Architectures and Circuits for Analog-memory-based Hardware Accelerators for Deep Neural Networks
Abstract
Analog non-volatile memory (NVM)-based accelerators for Deep Neural Networks (DNNs) can achieve high-throughput and energy-efficiency by computing multiply-accumulate (MAC) operations using Ohm’s law and Kirchhoff’s current law on arrays of resistive memory devices [1]. In recent years, energy-efficient, weight-stationary MAC operations in analog NVM memory-array “Tiles” were demonstrated in hardware with Phase Change Memory (PCM) devices integrated in the backend of 14-nm CMOS [2, 3]. Competitive end-to-end DNN accuracies can be obtained with the help of hardware aware training, accurate weight programming, and sufficiently linear MAC operations in the analog domain [4]. In this paper, I describe architectural and circuit advances for such Analog NVM-based accelerators and specialized digital compute units, designed to accelerate Transformer, Long- Short-Term-Memory (LSTM), and Convolution Neural Networks (CNNs). A highly heterogeneous and programmable accelerator architecture that takes advantage of a dense and efficient circuit-switched 2D mesh to exchange vectors of neuron-activation over short distances in a massively parallel fashion [5] is presented.
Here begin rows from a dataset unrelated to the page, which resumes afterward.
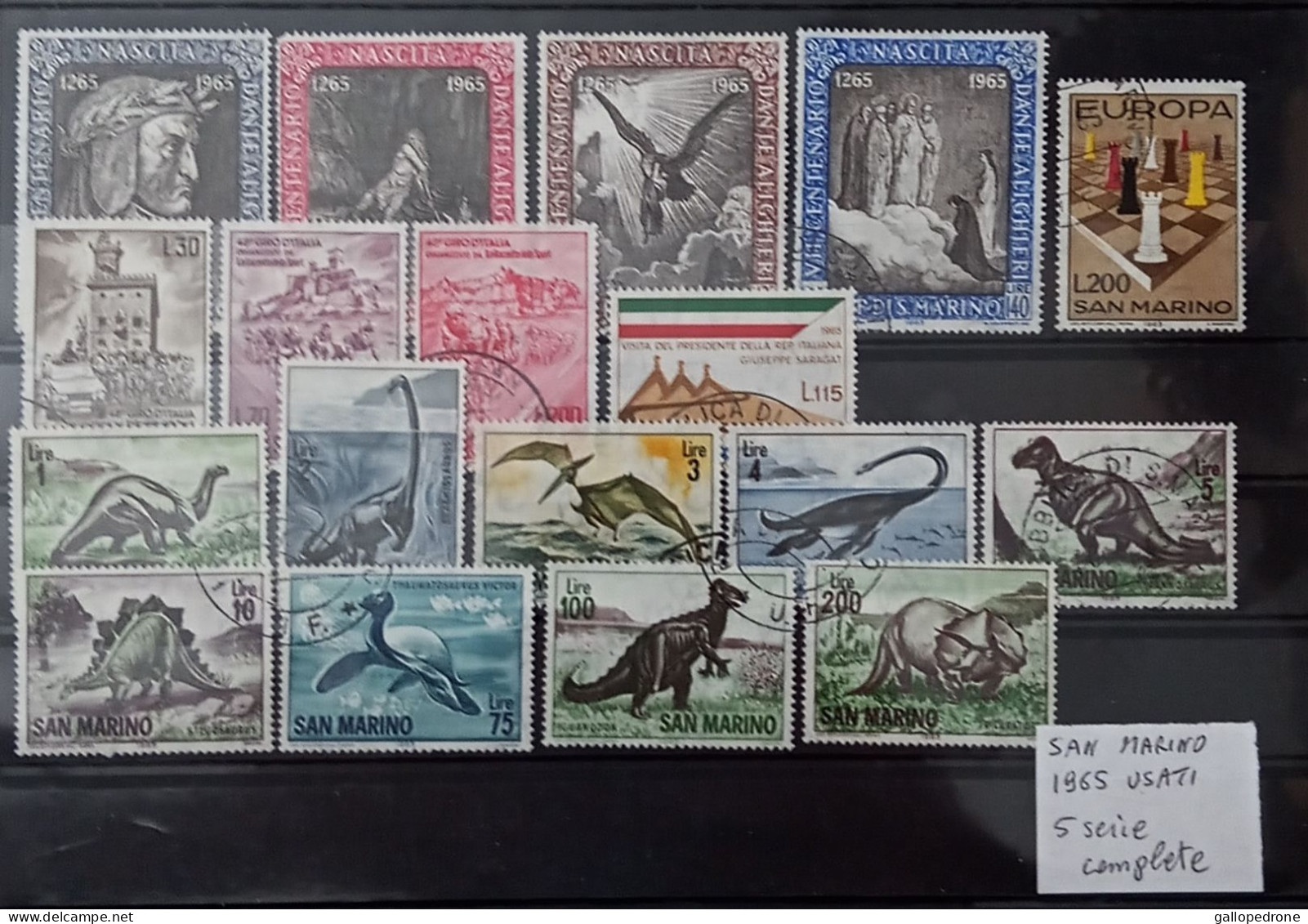 1966/69 San Marino, Serie Complete E Annate Complete- Usati - Vedi Descrizione - Usati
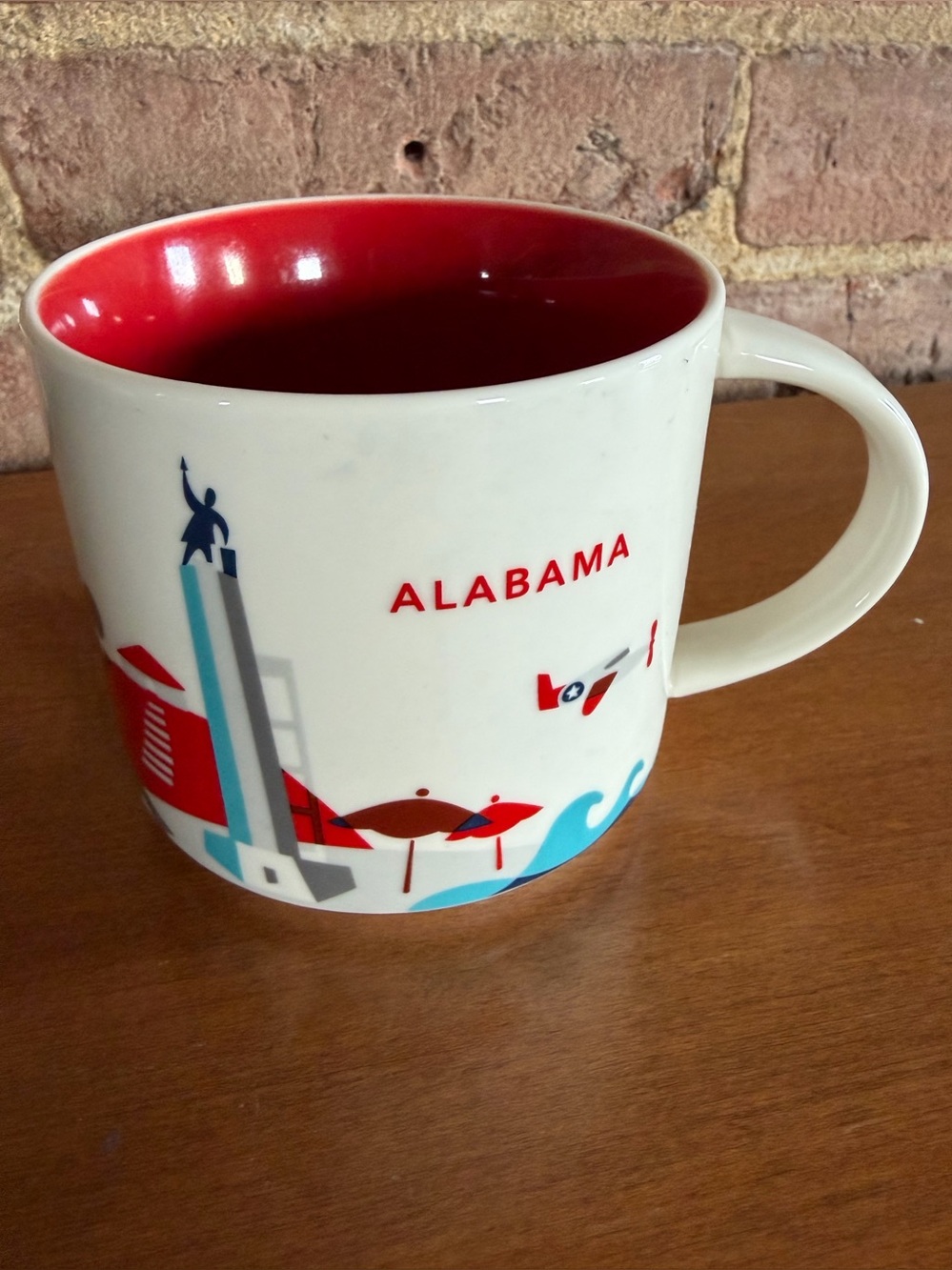 Starbucks You Are Here Collection Alabama Mug NEW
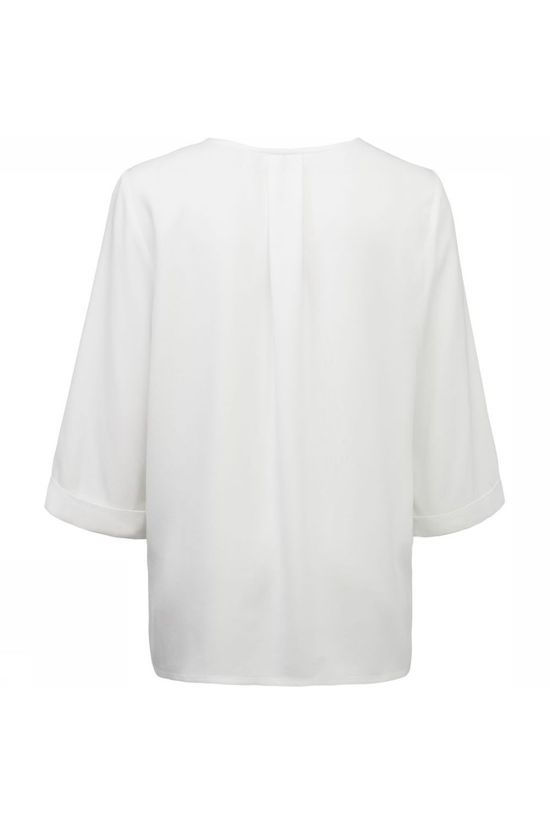 Yaya Blouse Woven Kimono Sleeve off white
Based on a 14-nm inference chip consisting of multiple arrays of PCM devices, the impact of memory materials on the accuracy and performance of these systems will be discussed. The author would like to thank colleagues at IBM Research Almaden, Yorktown, Albany, Zurich and Tokyo for their contributions to this work and the IBM Research AI HW Center. [1] G. W. Burr et al. “Ohm’s Law + Kirchhoff’s Current Law = Better AI: Neural- Network Processing Done in Memory with Analog Circuits will Save Energy”. In: IEEE Spectrum 58.12 (2021), pp. 44–49. [2] P. Narayanan et al. “Fully on-chip MAC at 14nm enabled by accurate row-wise programming of PCM-based weights and parallel vector-transport in duration format”. In: Symposium on VLSI Technology. 2021. [3] M. Le Gallo et al. “A 64-core mixed-signal in-memory compute chip based on phase- change memory for deep neural network inference”. In: arXiv:2212.02872 (2022). [4] M. J. Rasch et al. “Hardware-aware training for largescale and diverse deep learning inference workloads using in-memory computing-based accelerators”. In: arXiv preprint arXiv:2302.08469 (2023). [5] S. Jain et al. “A Heterogeneous and Programmable Compute-In-Memory Accelerator Architecture for Analog-AI Using Dense 2-D Mesh”. In: IEEE Trans. VLSI 31.1 (2023), pp. 114–127.